Topics

Occasional "not recognized as a supported file format" errors when reading from S3


Dion Häfner
 

Dear rasterio group,

 

(I initially posted this at https://github.com/mapbox/rasterio/issues/1686)

Lately, we have encountered a strange bug in Terracotta. It basically always leads to errors like these:

(from DHI-GRAS/terracotta#139)

Traceback (most recent call last):
  File "rasterio/_base.pyx", line 213, in rasterio._base.DatasetBase.__init__
  File "rasterio/_shim.pyx", line 64, in rasterio._shim.open_dataset
  File "rasterio/_err.pyx", line 205, in rasterio._err.exc_wrap_pointer
rasterio._err.CPLE_OpenFailedError: '/vsis3/italy-composite/rasters/italy_2018_red.tif' not recognized as a supported file format.

or

(from DHI-GRAS/terracotta#10 (comment))

Traceback (most recent call last):
  File "rasterio/_io.pyx", line 698, in rasterio._io.DatasetReaderBase._read
  File "rasterio/shim_rasterioex.pxi", line 133, in rasterio._shim.io_multi_band
  File "rasterio/_err.pyx", line 182, in rasterio._err.exc_wrap_int
rasterio._err.CPLE_AppDefinedError: IReadBlock failed at X offset 0, Y offset 0: '/vsis3/bucket/prefix/tile330.tif' does not exist in the file system, and is not recognized as a supported dataset name.

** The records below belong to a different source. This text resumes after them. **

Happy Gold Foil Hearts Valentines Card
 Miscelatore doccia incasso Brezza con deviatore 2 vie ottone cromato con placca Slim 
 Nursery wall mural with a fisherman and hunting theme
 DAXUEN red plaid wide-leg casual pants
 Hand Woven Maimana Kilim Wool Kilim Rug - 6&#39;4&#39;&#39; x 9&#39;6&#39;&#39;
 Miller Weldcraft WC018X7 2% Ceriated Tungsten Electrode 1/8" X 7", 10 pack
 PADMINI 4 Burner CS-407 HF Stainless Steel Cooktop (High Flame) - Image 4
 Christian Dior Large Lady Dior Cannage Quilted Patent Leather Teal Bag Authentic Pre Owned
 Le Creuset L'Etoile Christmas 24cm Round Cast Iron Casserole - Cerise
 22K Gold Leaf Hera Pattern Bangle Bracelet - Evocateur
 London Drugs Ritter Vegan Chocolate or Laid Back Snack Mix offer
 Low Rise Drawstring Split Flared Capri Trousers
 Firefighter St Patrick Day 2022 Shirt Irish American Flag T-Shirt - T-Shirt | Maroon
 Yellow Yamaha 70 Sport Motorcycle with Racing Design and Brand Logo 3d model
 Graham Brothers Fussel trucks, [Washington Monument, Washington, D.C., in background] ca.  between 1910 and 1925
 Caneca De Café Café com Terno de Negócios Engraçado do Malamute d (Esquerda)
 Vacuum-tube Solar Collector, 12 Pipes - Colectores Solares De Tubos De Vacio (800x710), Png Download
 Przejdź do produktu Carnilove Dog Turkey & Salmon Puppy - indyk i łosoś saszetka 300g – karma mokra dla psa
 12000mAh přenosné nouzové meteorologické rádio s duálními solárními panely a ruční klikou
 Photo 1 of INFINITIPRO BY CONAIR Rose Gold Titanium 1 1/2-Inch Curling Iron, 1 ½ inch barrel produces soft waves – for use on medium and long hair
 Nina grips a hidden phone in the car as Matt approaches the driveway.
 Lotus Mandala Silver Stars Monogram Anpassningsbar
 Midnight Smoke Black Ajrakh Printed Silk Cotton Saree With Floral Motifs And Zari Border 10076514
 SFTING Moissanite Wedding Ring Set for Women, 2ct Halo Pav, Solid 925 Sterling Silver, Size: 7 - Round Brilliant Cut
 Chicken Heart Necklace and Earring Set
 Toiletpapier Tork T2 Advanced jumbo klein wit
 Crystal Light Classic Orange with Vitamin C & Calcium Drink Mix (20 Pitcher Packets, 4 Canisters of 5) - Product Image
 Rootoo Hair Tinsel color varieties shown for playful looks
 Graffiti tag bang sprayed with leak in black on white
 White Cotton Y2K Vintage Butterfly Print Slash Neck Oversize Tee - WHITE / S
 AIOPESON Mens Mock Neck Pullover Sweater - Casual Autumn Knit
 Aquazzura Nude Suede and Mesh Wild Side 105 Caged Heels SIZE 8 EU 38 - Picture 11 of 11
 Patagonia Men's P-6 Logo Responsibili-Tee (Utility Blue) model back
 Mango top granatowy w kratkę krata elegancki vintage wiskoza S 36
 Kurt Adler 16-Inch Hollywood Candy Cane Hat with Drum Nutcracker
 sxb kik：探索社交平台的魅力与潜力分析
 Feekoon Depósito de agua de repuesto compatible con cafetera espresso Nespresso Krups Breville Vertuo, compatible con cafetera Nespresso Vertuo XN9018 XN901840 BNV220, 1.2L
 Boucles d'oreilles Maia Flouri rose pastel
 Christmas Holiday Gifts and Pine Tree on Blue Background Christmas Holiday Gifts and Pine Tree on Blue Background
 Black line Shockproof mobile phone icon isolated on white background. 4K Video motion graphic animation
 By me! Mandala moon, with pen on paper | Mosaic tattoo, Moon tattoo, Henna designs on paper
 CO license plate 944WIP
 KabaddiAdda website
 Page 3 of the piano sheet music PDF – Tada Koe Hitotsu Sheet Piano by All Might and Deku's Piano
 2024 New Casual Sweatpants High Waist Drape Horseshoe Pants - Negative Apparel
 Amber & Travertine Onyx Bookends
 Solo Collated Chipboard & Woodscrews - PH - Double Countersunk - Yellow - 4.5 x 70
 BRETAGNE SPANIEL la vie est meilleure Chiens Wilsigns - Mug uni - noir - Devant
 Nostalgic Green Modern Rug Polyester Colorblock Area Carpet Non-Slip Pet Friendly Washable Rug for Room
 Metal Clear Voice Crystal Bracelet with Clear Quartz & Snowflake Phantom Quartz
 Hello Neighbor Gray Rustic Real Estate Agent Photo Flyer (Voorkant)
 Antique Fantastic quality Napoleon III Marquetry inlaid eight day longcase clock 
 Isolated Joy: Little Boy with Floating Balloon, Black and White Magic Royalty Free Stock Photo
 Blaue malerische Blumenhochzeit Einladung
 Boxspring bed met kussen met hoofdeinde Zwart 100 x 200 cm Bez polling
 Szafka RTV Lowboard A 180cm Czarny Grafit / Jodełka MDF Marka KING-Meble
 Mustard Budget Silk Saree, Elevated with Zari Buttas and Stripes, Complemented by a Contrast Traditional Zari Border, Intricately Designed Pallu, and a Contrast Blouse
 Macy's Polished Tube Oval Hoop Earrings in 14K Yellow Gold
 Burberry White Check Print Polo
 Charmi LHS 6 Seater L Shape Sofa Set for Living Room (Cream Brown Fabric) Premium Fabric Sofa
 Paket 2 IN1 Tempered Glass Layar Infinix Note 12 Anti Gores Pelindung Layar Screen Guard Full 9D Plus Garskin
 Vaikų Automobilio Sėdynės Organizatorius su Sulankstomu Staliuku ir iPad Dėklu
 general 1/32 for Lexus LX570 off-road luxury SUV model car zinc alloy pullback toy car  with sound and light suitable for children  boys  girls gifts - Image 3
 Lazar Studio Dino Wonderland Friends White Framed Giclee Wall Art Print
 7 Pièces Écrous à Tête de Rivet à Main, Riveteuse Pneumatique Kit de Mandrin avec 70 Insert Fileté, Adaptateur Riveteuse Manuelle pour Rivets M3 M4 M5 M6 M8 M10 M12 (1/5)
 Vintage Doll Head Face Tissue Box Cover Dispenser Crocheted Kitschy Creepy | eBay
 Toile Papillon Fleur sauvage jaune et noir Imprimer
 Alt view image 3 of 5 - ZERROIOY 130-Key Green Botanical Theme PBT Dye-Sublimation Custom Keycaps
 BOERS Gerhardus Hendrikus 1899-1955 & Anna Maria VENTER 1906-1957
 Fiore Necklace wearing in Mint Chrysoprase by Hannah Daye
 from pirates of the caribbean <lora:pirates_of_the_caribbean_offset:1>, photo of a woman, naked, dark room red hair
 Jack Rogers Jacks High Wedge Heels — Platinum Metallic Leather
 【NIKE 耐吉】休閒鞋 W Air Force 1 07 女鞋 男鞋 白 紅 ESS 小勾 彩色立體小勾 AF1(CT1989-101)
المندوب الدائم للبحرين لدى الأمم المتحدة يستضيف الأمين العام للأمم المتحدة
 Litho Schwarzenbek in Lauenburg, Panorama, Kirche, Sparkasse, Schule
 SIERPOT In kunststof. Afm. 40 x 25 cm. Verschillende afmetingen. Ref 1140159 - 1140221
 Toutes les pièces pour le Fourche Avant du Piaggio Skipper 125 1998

The errors occur on different versions of rasterio, although anecdotally it wasn't a problem pre-1.0.15. It also seems to occur both during rasterio.open, and when actually reading tiles via WarpedVRT.read.

The problem is that we have only observed it with huge raster files, and we haven't been able to reproduce this reliably, or in a way where I could share it with you.

Does anyone have any intuition why this might be happening / what we could look at to debug this?

 

Cheers,
Dion

 


vincent.sarago@...
 

This is not something I've been seen for now. does this happens with Rasterio wheels and rasterio build on gdal source ? 


Dion Häfner
 

We've only tried rasterio wheels.

On 23/05/2019 21.23, vincent.sarago via Groups.Io wrote:
This is not something I've been seen for now. does this happens with Rasterio wheels and rasterio build on gdal source ? 


Sean Gillies
 

Hi Dion,

That error comes from these lines in GDALOpenEx when the function fails to return successfully: https://github.com/OSGeo/gdal/blob/fe0b5dd644abb4ac0c9869db28e9cf977181fbce/gdal/gcore/gdaldataset.cpp#L3455. The way the errors are re-raised obscures the problem.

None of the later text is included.